PRZYBYLA: Clinton`s real challenge if she runs against Trump is not on the real issues, it`s how she will deal with the tone, the same tone that failed the other Republican candidates. I have a story coming out tomorrow that says her inner circle is now advising her to look at the 2000, the brief match up with her and Rudy Giuliani there. She also cast him as a bully. That`s what they`re going to do with Trump.

But the biggest thing they said is when you go in with these debates, the way to get at his skin is laugh at him. It drove Giuliani nuts, and it will drive Trump nuts, and that`s what they`re advising her.

MATTHEWS: See how Trump deals with that. I`m sure he`s ready for it.

Go ahead.

MAK: So, we`ve got a great scoopy story on "The Daily Beast" about Newt Gingrich`s efforts behind the scene to help out Donald Trump. What he`s doing to try to convince the GOP establishment behind closed doors that Donald Trump should be accepted. I mean, the GOP establishment is still one of the groups that is most resistant to accepting Trump as the nominee.

MATTHEWS: Where`s Reince Priebus on this one, the chairman of the party? Is he a leader in any way?

MAK: He wants to be neutral. He wants to stay out of actual process. But interestingly enough, it broke today that they begun some preliminary discussions with Donald Trump about using RNC money for the general election.

MATTHEWS: Anne?

GEARAN: Well, you mentioned the Pennsylvania primary. But he other big prize in the near term is New York on April 19th. It`s going to be the closest thing to a general election match up that we`ve seen.

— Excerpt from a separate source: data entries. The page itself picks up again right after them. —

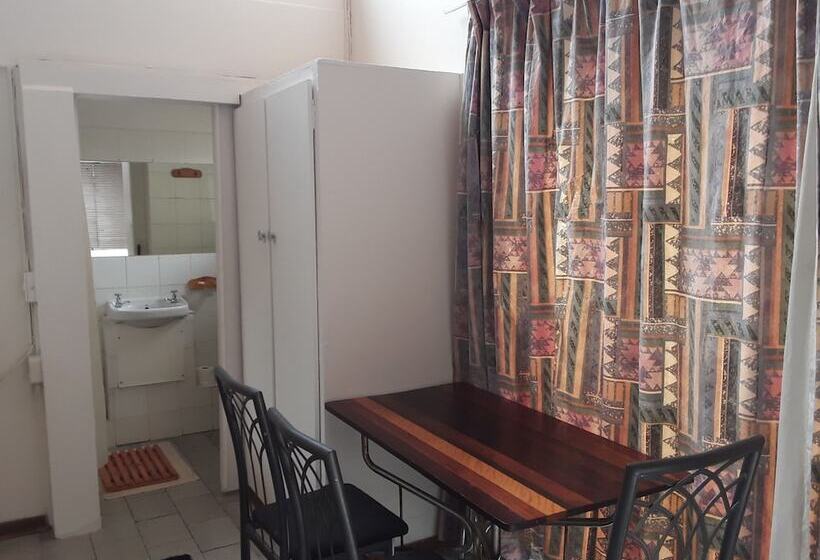 스탠다드 트리플 룸, Boer And Brit Self Catering Guest House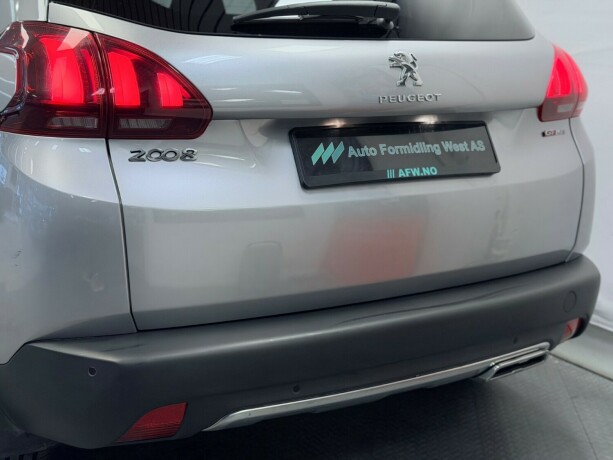 peugeot-2008-bensin-2016-big-6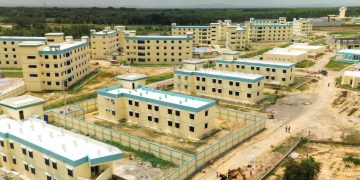 Inspeccionan avances finales en la construcción del CCR Las Parras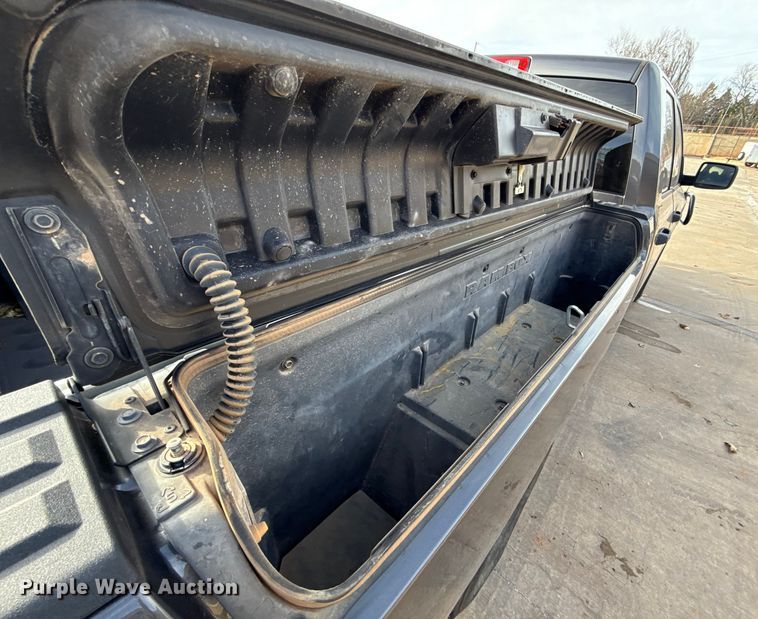 image for item ES5536 2021 RAM 1500 Ext. Cab pickup truck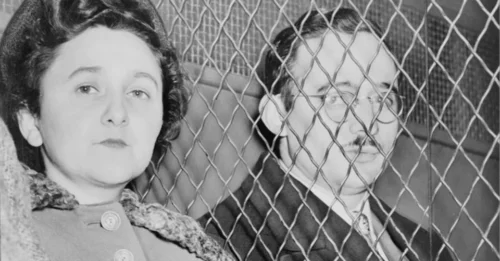 A FINAL KISS BEFORE DEATH ROW: The 24 Hours That Sealed the Fate of America’s Most Infamous Spies – The Rosenberg Story 7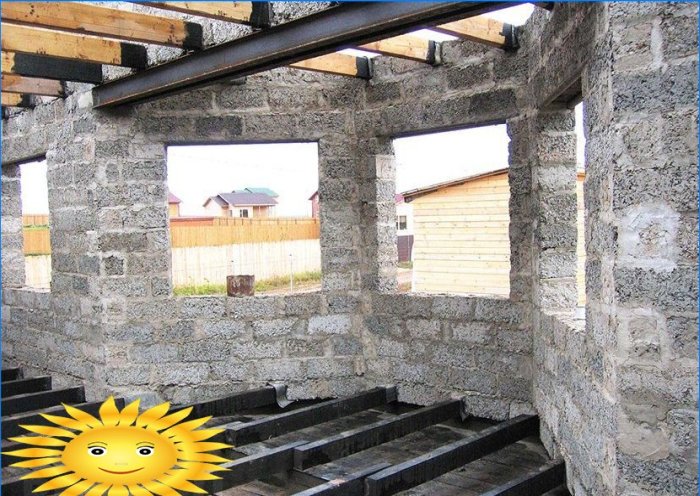 Medinis betoninis namas: konstrukcijos ypatybės, sienų mūras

You`ve got Hillary Clinton and Donald Trump essentially fighting on their home ground.

MATTHEWS: Do you compare their numbers or the Republican Party too small to do that?

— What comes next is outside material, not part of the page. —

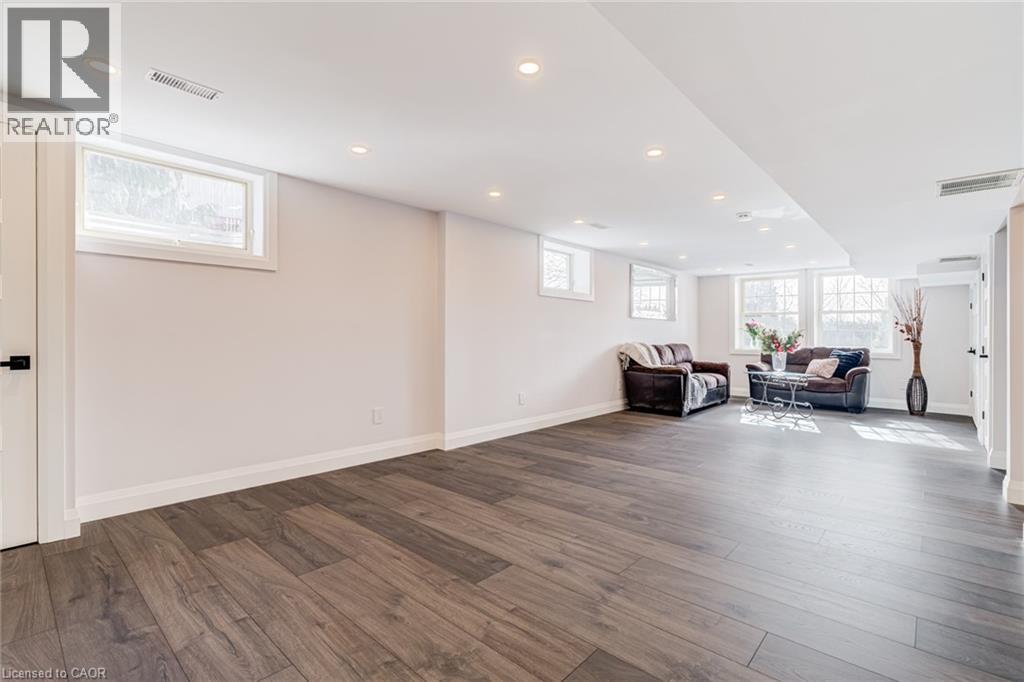 1320 Monmouth Drive, Burlington, Ontario  L7P 3J6 - Photo 38 - 40805468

GEARAN: In New York, oh, sure. I mean, Trump`s favored there. And --

MATTHEWS: I mean, when you look at the Republican primary and the Democratic primary and see who got the most votes.

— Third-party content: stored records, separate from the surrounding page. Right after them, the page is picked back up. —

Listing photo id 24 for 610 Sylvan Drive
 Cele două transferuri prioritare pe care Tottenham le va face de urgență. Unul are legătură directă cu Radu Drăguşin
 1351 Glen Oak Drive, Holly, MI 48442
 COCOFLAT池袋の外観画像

GEARAN: Yes. You`ll be able to have something that looks like a general election and also a worrisome state for Hillary Clinton because it`s Bernie`s -- Bernie Sanders --

MATTHEWS: You know what, it`s a great one to watch. Always is a great primary.

Thank you, Anne Gearan. Thank you, Tim Mak. And thank you, Heidi Przybyla.

When we return, let me finish with President Obama`s opening to Cuba.

You`re watching HARDBALL, the place for politics.

(COMMERCIAL BREAK)

MATTHEWS: Let me finish with President Obama`s opening to Cuba. When I was young we Americans rooted for Castro, we`re thrilled when he came to power, when the dictator Fulgencio Bautista fled, we believed that Fidel Castro was a democratic leader who would bring freedom to Cuba. Many, many Cubans believed the same.

We were betrayed. Castro was a communist and soon made that clear. He was also a traitor to the cause he has espoused to replace tyranny with democracy, free elections, free speech, the whole bit. He promised it all, delivered none of it. He did something else.

He allied himself with the Soviet Union, the leader of world communism. He became a pet of Nikita Khrushchev, and when the Soviets put medium range missiles into Cuba aimed at New York, Castro was an eager partner.

So, I`ve been through the Cold War, the betrayal of the Cuban Revolution, the Cuban missile crisis, I suppose I can`t expect an American president born in the year of the Bay of Pigs to have the same perspective, the same deep seated attitude. Besides, I`ve seen what happens when a communist tyranny gets invaded by western influence.

I was in East Berlin interviewing people East Germans, about life in the DDR, the German Democratic Republican. And what I learned valuable lesson for what is happening today in Cuba: let tourists in from free capitalist societies and it undercuts the whole deal, when you have people working at hotels and driving those `57 Chevy taxis getting big tips doing it, the word gets to the good communists working for the government and getting peanuts for it that they are missing something.

So, getting our foot in the door in Cuba, getting tourists with U.S. dollars riding through, spending money tipping and soon, the word gets around from comrade this to comrade that that maybe the Castro brothers put their bet on the wrong side, not for the brothers, of course, but for the regular Cuban.

And that`s HARDBALL for now. Thanks for being with us.

"ALL IN WITH CHRIS HAYES" starts right now.